• **TASK REQUIREMENTS**:
Here the job is to print only the lines from the one containing "McKillans ® M22-15mm" to the end of the entries, both included, exactly as they stand, with pictures excluded.

──────── STORED DATA

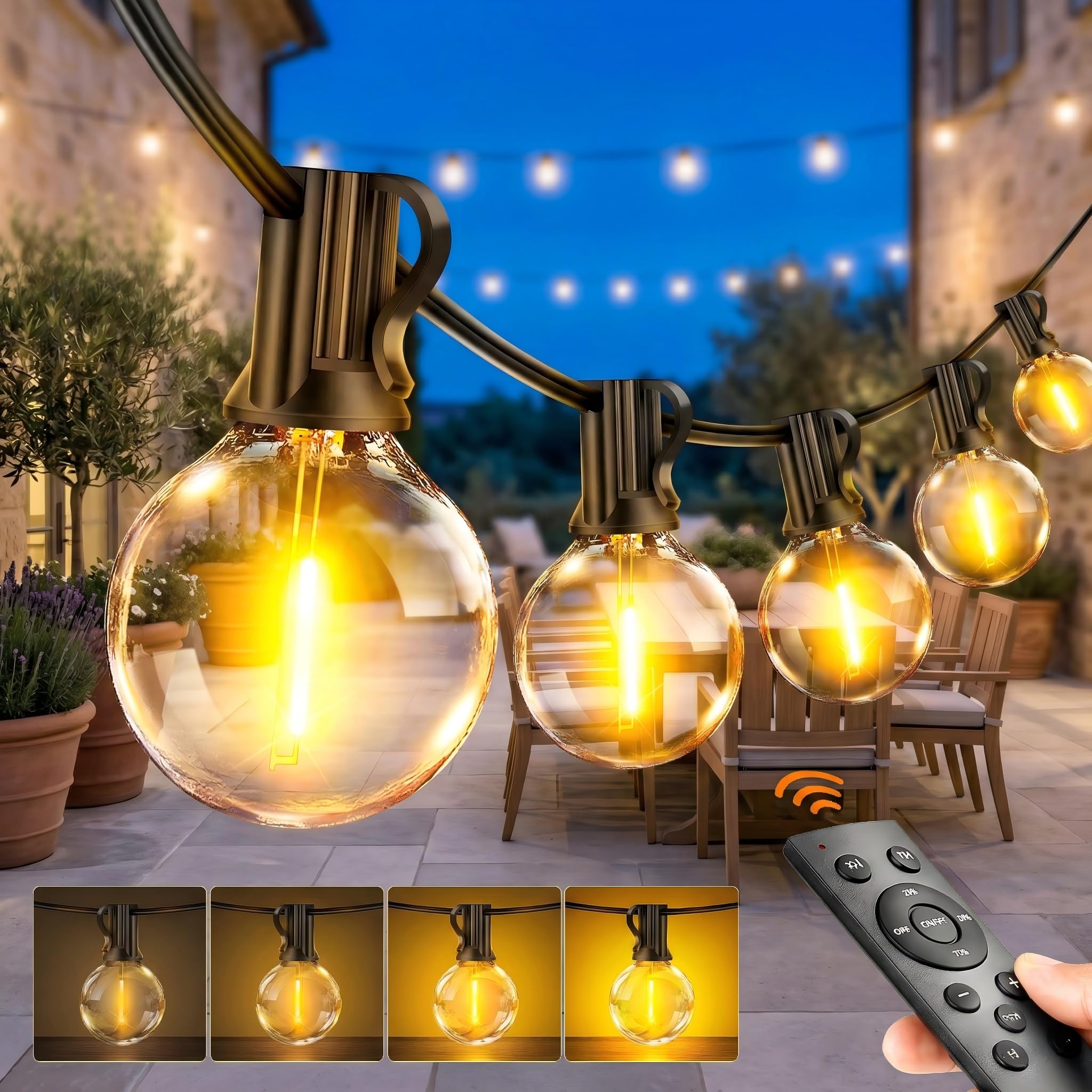 Pbgmrt Warm White Dimmable Outdoor String Lights 45M/150Ft G40 Mains Powered Garden Lights 45+2 Leds, Remote 2 Timer 3 Modes Waterproof Outside Festoon Lights For Patios Fences Pergolas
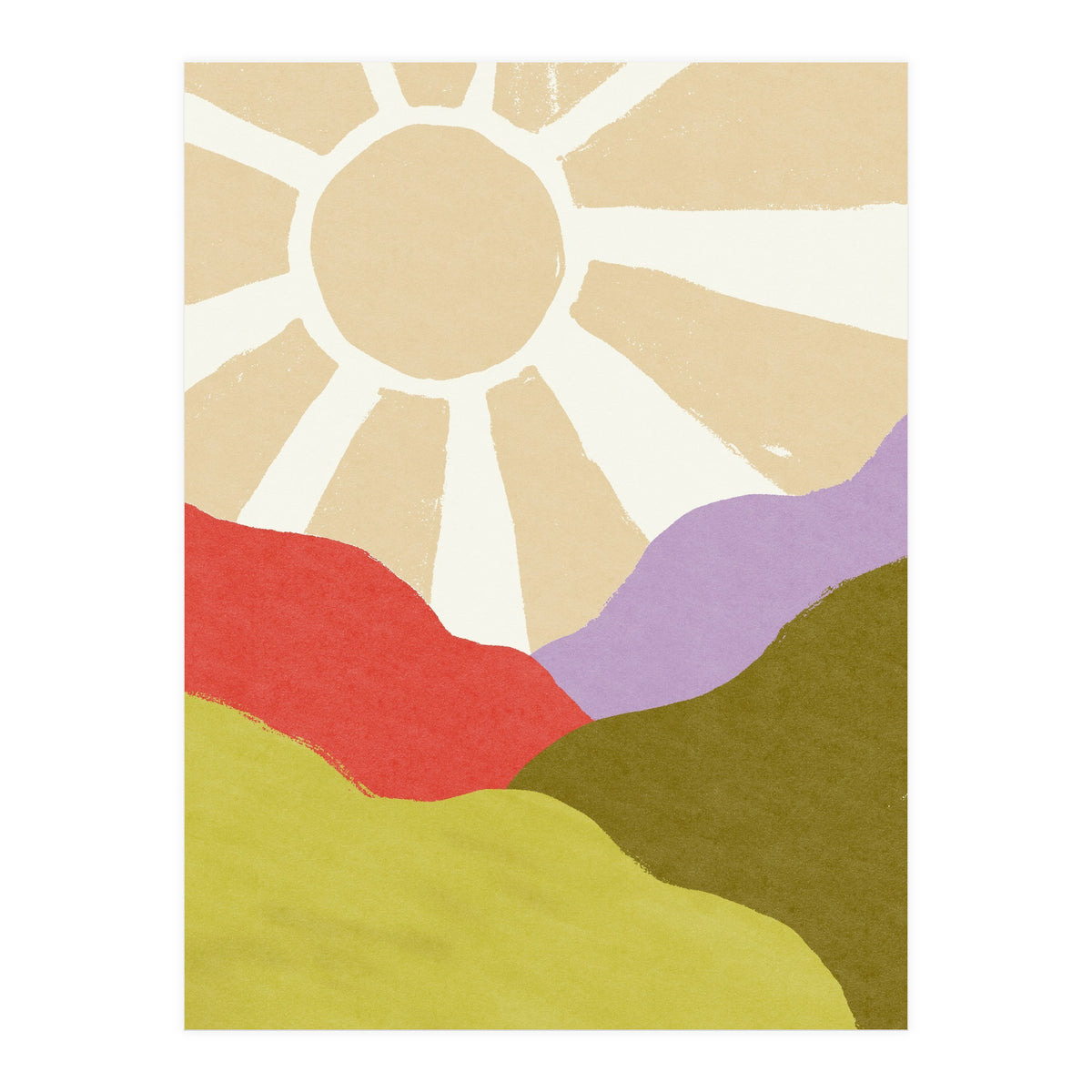 Sunshine & Hills \\ Retro Landscape  (Print Only)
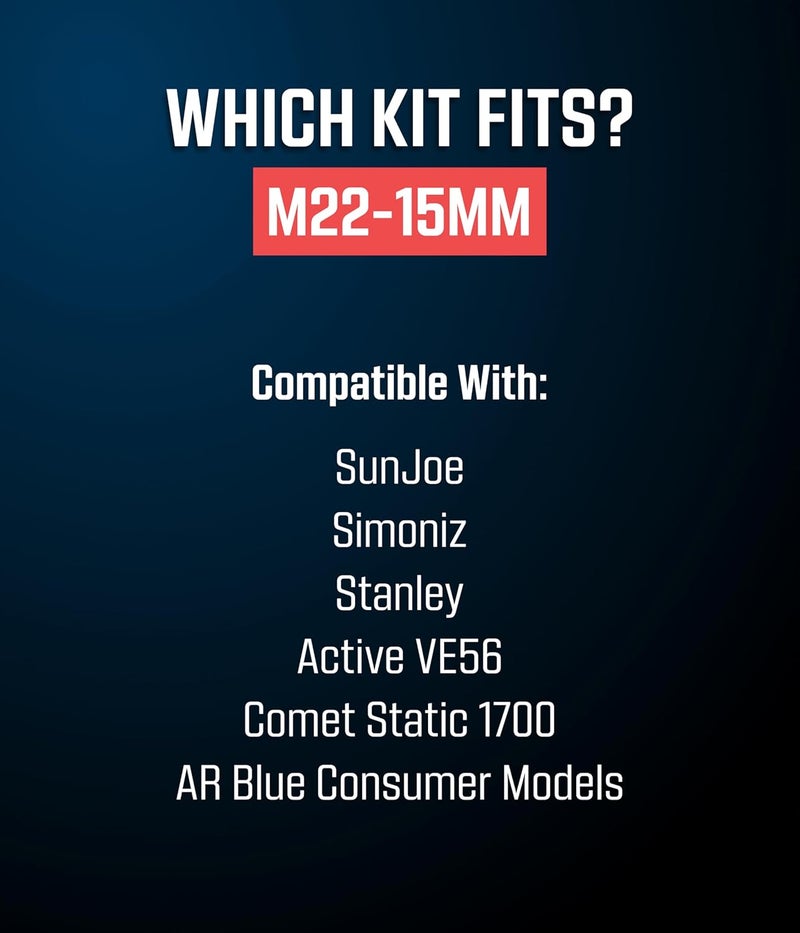 McKillans ® M22-15mm Pressure Washer Quick Connect Kit, M22-15mm to 3/8" Male Female Quick Disconnect Kit for Power Washer (Stainless Steel) - Image 2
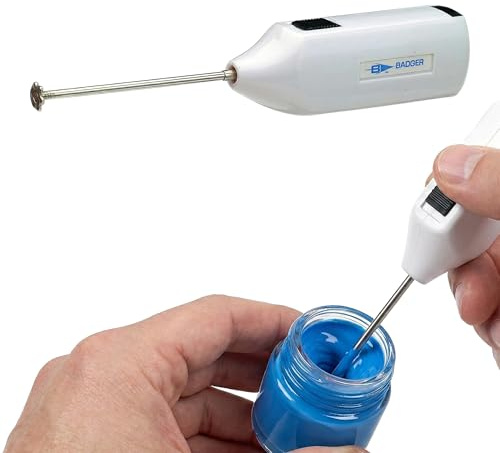 Wargames Delivered - Badger Air-Brush Co. 121 Paint Mixer, White | Compact & Lightweight Acrylic Paint Mixer for Airbrush Paint - Provides Smooth Color Mixing & Even Pigment Distribution for Paintings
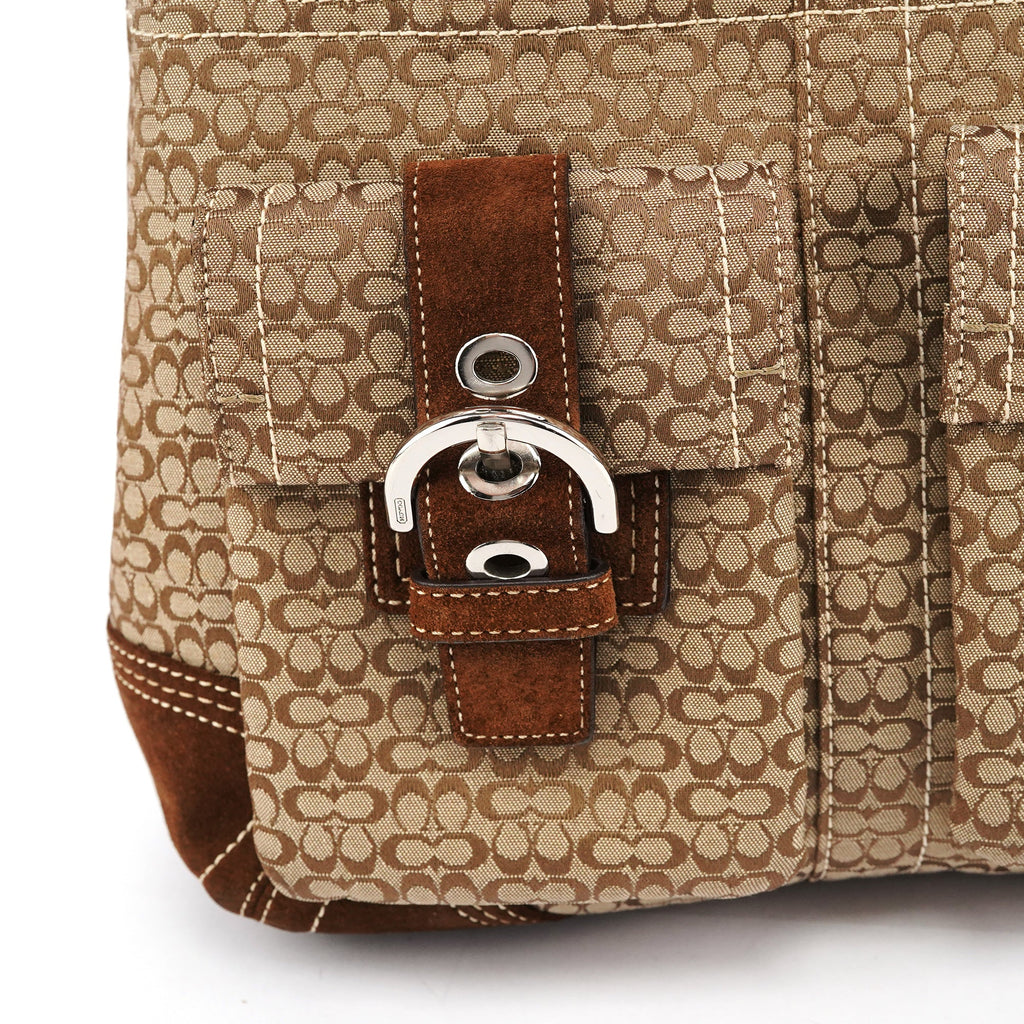 3646 Beige Brown Suede Soho Tote Bag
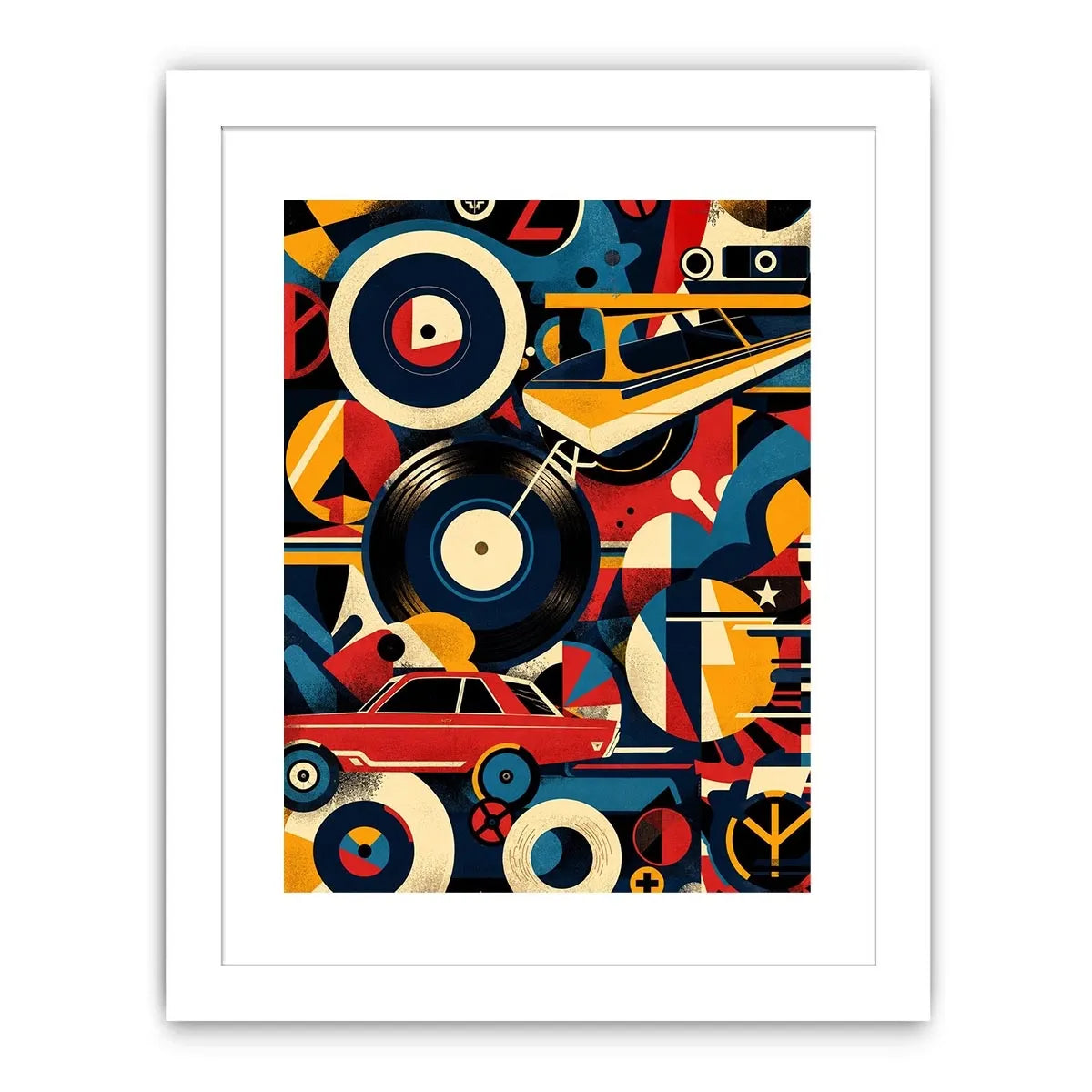 Retro geometric artwork with vinyl records and colorful abstract shapes
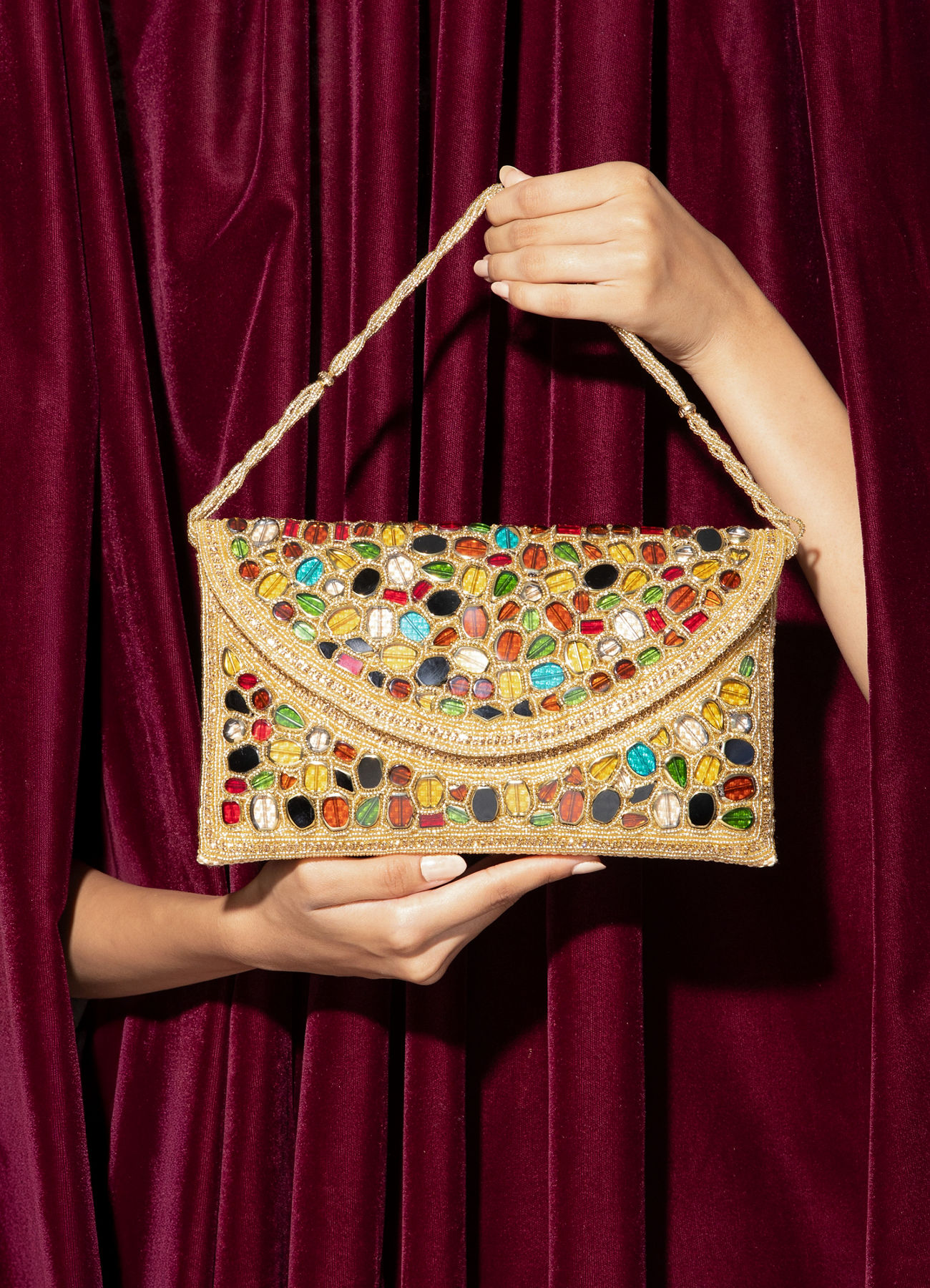 Mohey Women Fawn Coloured Party Bag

────────────────

• **ANSWER**:
 McKillans ® M22-15mm Pressure Washer Quick Connect Kit, M22-15mm to 3/8" Male Female Quick Disconnect Kit for Power Washer (Stainless Steel) - Image 2
 Wargames Delivered - Badger Air-Brush Co. 121 Paint Mixer, White | Compact & Lightweight Acrylic Paint Mixer for Airbrush Paint - Provides Smooth Color Mixing & Even Pigment Distribution for Paintings
 3646 Beige Brown Suede Soho Tote Bag
 Retro geometric artwork with vinyl records and colorful abstract shapes
 Mohey Women Fawn Coloured Party Bag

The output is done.